# Task goal:
Below are entries; output exactly the lines from the one with "My Disciples Are" to the one with "Body Mount Kit", both included, and nothing else.

--- Records to use Enclosed Below ---

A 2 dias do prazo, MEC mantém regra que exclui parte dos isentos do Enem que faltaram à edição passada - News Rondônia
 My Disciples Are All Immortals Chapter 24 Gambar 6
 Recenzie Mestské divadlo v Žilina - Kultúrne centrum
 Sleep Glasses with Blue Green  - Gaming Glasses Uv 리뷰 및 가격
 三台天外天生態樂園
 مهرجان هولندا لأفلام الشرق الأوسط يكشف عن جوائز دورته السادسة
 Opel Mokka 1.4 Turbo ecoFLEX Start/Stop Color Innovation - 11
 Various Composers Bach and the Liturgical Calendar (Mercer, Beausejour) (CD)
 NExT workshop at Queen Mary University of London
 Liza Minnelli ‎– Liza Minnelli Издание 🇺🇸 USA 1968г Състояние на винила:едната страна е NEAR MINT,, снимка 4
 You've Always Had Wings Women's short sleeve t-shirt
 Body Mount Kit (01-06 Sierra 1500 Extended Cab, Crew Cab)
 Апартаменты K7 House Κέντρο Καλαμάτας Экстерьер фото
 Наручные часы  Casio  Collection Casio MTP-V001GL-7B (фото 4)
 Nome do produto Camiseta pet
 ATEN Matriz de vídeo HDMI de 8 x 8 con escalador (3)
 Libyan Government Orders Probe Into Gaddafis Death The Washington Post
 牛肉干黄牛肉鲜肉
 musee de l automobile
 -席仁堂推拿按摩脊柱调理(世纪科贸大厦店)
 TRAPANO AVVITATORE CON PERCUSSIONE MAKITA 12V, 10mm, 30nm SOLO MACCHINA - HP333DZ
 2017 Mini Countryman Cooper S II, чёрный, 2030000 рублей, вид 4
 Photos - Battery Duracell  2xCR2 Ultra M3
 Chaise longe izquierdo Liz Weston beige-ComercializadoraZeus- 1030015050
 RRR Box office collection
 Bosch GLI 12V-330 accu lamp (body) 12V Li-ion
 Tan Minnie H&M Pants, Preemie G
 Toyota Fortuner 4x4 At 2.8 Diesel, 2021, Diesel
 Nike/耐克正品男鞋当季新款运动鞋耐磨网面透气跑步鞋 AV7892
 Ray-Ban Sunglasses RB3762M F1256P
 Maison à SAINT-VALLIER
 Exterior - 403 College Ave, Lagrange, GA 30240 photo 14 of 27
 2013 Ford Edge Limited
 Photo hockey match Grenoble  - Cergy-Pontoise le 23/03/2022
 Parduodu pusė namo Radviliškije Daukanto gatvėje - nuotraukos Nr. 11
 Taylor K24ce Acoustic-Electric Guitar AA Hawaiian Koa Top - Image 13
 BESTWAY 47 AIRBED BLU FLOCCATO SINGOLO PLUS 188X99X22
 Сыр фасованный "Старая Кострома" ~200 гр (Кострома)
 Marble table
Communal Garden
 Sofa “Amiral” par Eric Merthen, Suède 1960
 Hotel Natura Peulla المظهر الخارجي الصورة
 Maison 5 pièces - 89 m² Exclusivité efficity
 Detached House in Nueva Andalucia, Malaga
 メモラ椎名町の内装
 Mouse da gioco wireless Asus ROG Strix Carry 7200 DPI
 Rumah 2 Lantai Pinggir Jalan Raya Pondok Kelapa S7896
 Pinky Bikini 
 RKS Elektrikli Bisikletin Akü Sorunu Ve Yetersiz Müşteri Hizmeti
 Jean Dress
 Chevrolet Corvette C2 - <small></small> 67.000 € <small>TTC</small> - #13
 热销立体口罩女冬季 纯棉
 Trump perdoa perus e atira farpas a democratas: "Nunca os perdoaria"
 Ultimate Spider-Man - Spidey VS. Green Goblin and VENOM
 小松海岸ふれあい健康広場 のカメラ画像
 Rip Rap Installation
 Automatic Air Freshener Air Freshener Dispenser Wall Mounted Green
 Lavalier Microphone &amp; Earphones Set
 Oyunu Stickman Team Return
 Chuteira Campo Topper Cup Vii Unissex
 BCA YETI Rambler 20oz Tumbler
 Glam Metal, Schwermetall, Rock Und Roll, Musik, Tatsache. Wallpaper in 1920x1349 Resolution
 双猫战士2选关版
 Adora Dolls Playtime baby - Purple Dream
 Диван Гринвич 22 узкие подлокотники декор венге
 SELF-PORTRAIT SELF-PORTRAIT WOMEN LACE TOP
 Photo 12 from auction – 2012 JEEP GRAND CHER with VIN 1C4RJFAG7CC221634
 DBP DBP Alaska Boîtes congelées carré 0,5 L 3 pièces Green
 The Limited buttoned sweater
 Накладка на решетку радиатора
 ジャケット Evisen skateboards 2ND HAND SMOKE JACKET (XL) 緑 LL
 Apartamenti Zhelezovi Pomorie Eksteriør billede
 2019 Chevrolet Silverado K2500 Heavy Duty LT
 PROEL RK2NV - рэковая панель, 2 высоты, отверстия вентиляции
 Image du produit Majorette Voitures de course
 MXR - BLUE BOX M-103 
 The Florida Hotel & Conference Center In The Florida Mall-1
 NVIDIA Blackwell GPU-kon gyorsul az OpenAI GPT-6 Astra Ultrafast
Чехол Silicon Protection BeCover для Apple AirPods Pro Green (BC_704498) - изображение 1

--- End of Enclosed Records to use ---

# Task response:
 My Disciples Are All Immortals Chapter 24 Gambar 6
 Recenzie Mestské divadlo v Žilina - Kultúrne centrum
 Sleep Glasses with Blue Green  - Gaming Glasses Uv 리뷰 및 가격
 三台天外天生態樂園
 مهرجان هولندا لأفلام الشرق الأوسط يكشف عن جوائز دورته السادسة
 Opel Mokka 1.4 Turbo ecoFLEX Start/Stop Color Innovation - 11
 Various Composers Bach and the Liturgical Calendar (Mercer, Beausejour) (CD)
 NExT workshop at Queen Mary University of London
 Liza Minnelli ‎– Liza Minnelli Издание 🇺🇸 USA 1968г Състояние на винила:едната страна е NEAR MINT,, снимка 4
 You've Always Had Wings Women's short sleeve t-shirt
 Body Mount Kit (01-06 Sierra 1500 Extended Cab, Crew Cab)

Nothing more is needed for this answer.